EXCERPTED RECORDS →
————————

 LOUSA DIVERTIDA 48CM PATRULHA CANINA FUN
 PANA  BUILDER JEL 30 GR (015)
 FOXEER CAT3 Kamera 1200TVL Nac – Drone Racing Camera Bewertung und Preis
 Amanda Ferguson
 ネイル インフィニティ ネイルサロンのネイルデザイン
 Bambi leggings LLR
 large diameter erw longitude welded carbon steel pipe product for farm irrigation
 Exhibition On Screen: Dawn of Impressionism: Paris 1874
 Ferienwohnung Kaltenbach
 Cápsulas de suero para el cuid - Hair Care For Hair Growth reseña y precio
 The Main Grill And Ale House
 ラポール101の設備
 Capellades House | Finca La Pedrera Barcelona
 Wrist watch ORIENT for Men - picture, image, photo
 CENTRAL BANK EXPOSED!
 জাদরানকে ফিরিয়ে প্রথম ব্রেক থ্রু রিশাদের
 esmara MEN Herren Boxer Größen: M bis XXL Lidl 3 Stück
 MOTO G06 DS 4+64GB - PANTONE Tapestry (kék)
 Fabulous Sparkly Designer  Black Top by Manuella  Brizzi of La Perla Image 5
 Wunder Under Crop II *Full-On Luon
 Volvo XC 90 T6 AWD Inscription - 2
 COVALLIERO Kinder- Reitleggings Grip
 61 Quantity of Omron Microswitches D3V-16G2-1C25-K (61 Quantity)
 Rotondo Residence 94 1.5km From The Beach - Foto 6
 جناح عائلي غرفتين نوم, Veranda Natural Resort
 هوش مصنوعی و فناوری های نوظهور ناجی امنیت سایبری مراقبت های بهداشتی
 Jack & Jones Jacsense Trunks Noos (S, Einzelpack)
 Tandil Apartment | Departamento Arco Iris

————————

WORK TO COMPLETE →
Which lines in the data above hold the string "House"? Return each of them.

RESULT →
 The Main Grill And Ale House
 Capellades House | Finca La Pedrera Barcelona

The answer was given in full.